- [What is expected]
Repeat each entry word for word. Leave any images out of the copy.

- [Given information]
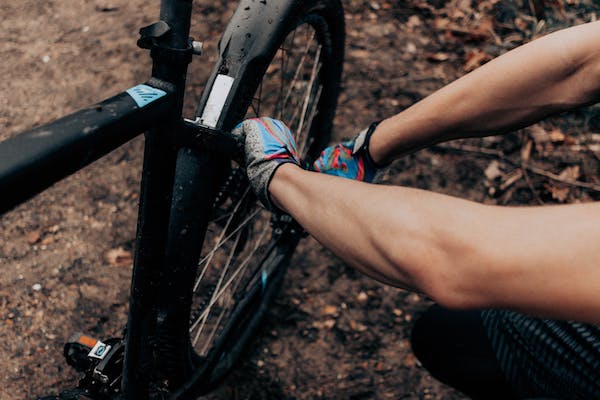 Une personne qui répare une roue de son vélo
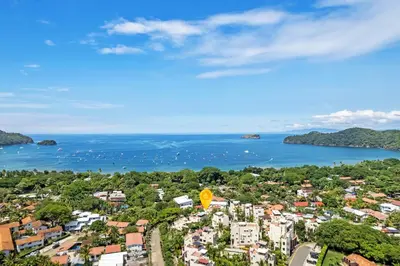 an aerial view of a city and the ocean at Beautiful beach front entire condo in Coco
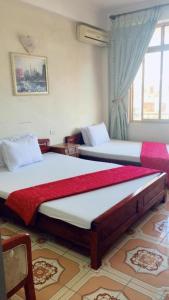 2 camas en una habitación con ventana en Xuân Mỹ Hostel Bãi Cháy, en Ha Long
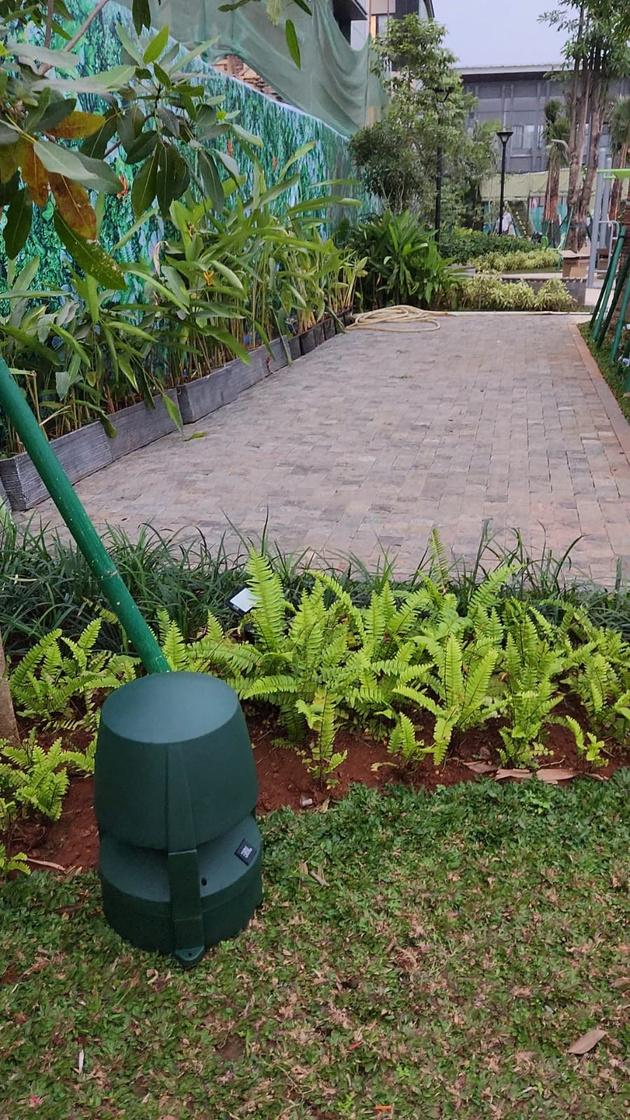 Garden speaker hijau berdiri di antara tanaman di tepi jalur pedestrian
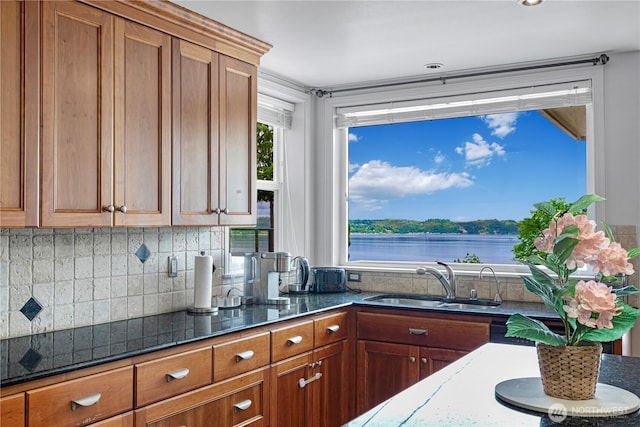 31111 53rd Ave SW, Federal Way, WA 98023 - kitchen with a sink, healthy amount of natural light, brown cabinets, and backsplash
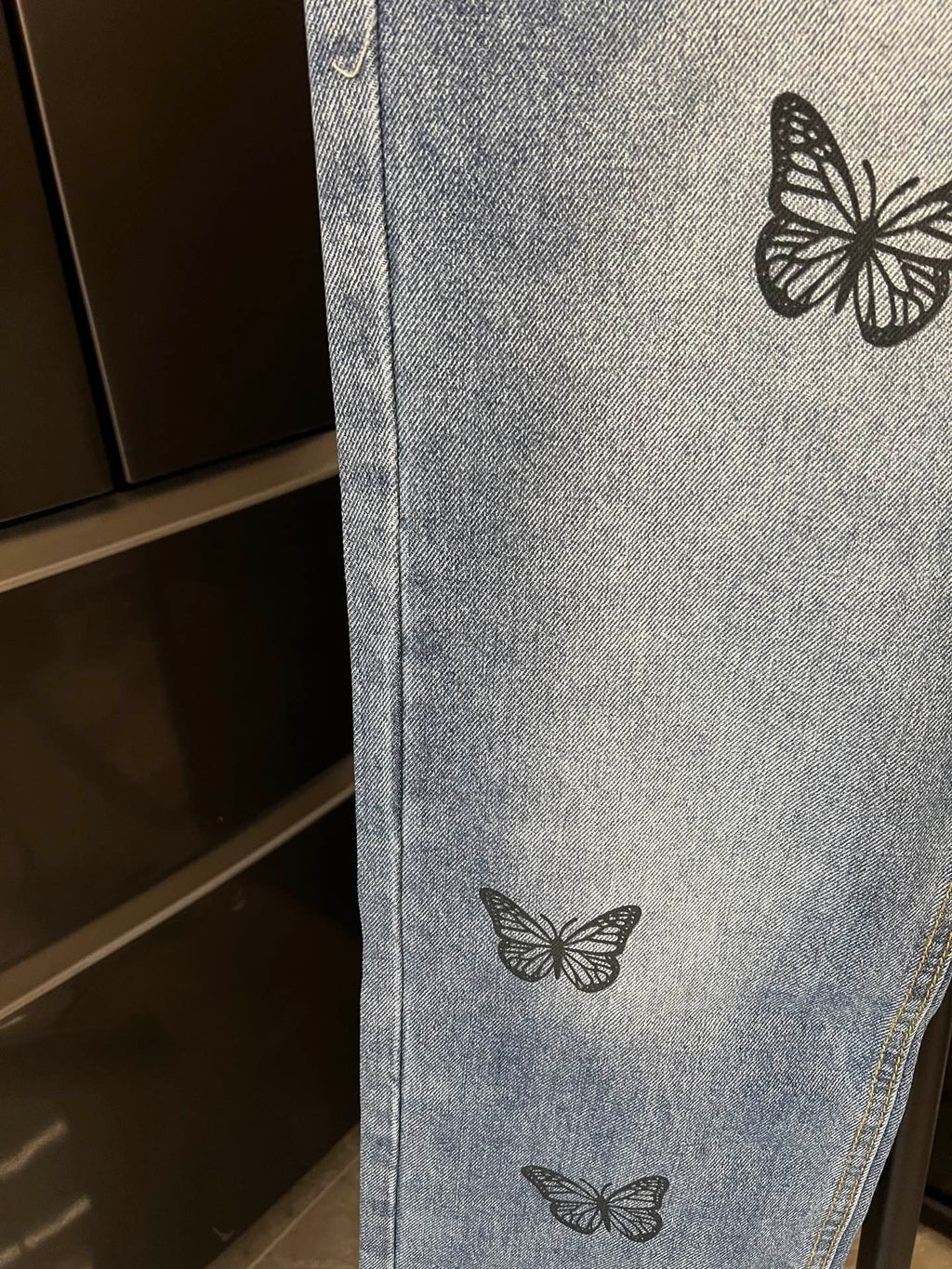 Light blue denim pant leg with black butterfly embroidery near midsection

- [Result for this task]
 Une personne qui répare une roue de son vélo
 an aerial view of a city and the ocean at Beautiful beach front entire condo in Coco
 2 camas en una habitación con ventana en Xuân Mỹ Hostel Bãi Cháy, en Ha Long
 Garden speaker hijau berdiri di antara tanaman di tepi jalur pedestrian
 31111 53rd Ave SW, Federal Way, WA 98023 - kitchen with a sink, healthy amount of natural light, brown cabinets, and backsplash
 Light blue denim pant leg with black butterfly embroidery near midsection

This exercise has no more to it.